_DATASET EXTRACT:_
((

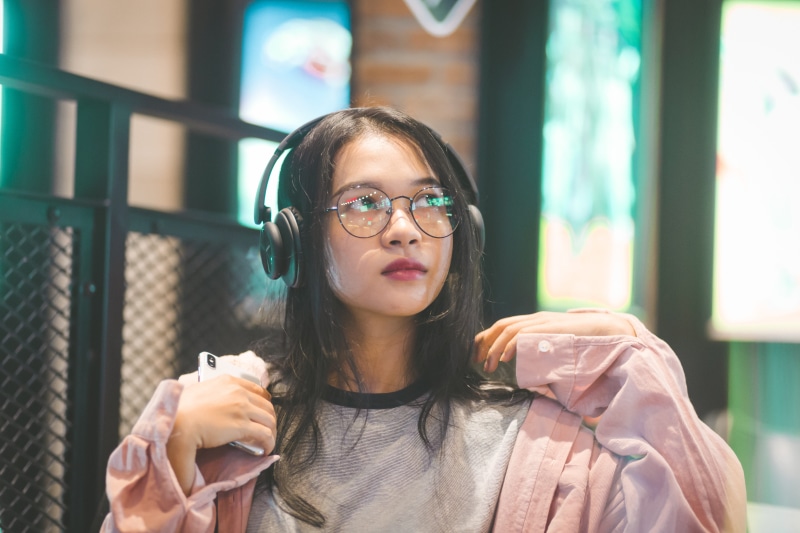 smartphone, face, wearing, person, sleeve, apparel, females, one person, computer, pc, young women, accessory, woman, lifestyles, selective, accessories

))
((

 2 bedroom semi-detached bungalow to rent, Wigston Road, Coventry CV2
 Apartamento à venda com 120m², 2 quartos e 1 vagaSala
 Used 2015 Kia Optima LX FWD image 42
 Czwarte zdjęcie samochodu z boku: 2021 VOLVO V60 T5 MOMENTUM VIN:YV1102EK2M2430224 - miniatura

))

_WHAT IS EXPECTED:_ Using the data above, reproduce exactly the lines between those holding "2 bedroom semi-detached" and "Czwarte zdjęcie samochodu", inclusive, and no others.

_SOLUTION:_
 2 bedroom semi-detached bungalow to rent, Wigston Road, Coventry CV2
 Apartamento à venda com 120m², 2 quartos e 1 vagaSala
 Used 2015 Kia Optima LX FWD image 42
 Czwarte zdjęcie samochodu z boku: 2021 VOLVO V60 T5 MOMENTUM VIN:YV1102EK2M2430224 - miniatura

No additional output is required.